*What to produce*. Below this line is the material. Write out only its lines from the one containing "Used 2023 Ebony" through the one containing "Porsche 968 Club Sport", both kept, exactly.

*Dataset records*.
◇ ◇ ◇
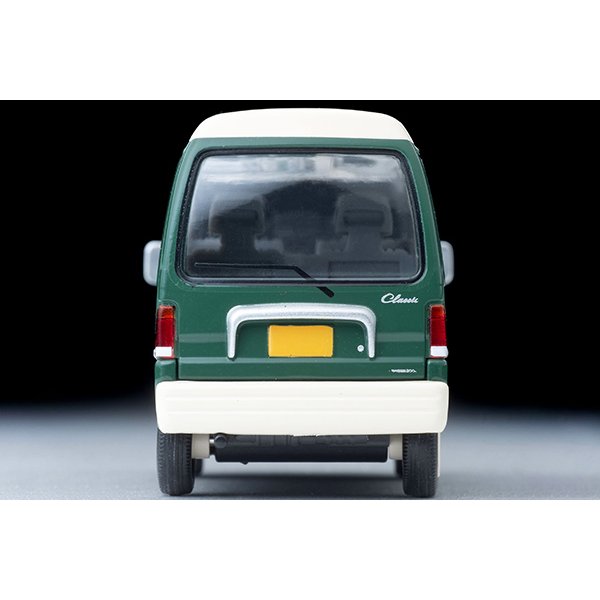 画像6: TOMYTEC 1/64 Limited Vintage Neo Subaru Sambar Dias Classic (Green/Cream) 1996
◇ ◇ ◇
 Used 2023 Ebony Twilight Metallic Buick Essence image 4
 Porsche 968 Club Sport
◇ ◇ ◇
*Reply*.
 Used 2023 Ebony Twilight Metallic Buick Essence image 4
 Porsche 968 Club Sport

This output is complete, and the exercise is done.